Author Releases New Crime Thriller

Updated: Jun 17, 2020























Contributed by Megan Richard


This thrilling book is perfect for history fans or fans of true crime. It shows the birth of a criminal investigation, telling the facts in a riveting story, making it easy to fly through the pages.


Book Synopsis


Berkeley, California, 1933. In a lab filled with curiosities--beakers, microscopes, Bunsen burners, and hundreds upon hundreds of books--sat an investigator who would go on to crack at least two thousand cases in his forty-year career. Known as the "American Sherlock Holmes," Edward Oscar Heinrich was one of America's greatest--and first-- forensic scientists, with an uncanny knack for finding clues, establishing evidence, and deducing answers with a skill that seemed almost supernatural.

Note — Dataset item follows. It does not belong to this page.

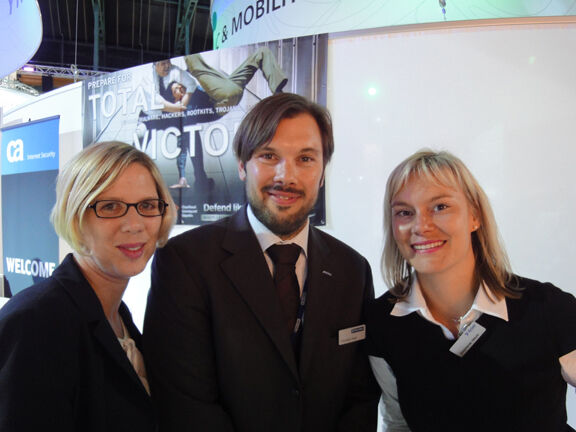Super Trio: Maja Hemming, Christian Kast, Stephanie Meyer, Tech Data (Archiv: Vogel Business Media)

Heinrich was one of the nation's first expert witnesses, working in a time when the turmoil of Prohibition led to sensationalized crime reporting and only a small, systematic study of evidence. However with his brilliance, and commanding presence in both the courtroom and at crime scenes, Heinrich spearheaded the invention of a myriad of new forensic tools that police still use today, including blood spatter analysis, ballistics, lie- detector tests, and the use of fingerprints as courtroom evidence. His work, though not without its serious--some would say fatal--flaws, changed the course of American criminal investigation. Based on years of research and thousands of never-before-published primary source materials, American Sherlock captures the life of the man who pioneered the science our legal system now relies upon--as well as the limits of those techniques and the very human experts who wield them.


Reviews


It is a really gripping read, part biography, part whodunnit, and part true crime. It's meticulously reported but not stilted. - Amazon Reviewer

This is a fascinating work of non-fiction in which Dawson recreates the turbulent atmosphere of the Roaring Twenties. - Goodreads Reviewer

This book succeeds in describing the development of the reliable use of science in the courtroom by following the fascinating career of a pioneer in forensic science. The worlds of law and science intersect in a unique way in court. - Goodreads Reviewer

Such an incredibly fascinating book. I had no idea that so many of our forensics that we still use today came from this one man. - Goodreads Reviewer

About the Author


Kate Winkler Dawson is a seasoned documentary producer, whose work has appeared in The New York Times, WCBS News and ABC News Radio, PBS NewsHour, and Nightline. She is the author of Death in the Air: The True Story of a Serial Killer, the Great London Smog, and the Strangling of a City and teaches journalism at The University of Texas at Austin.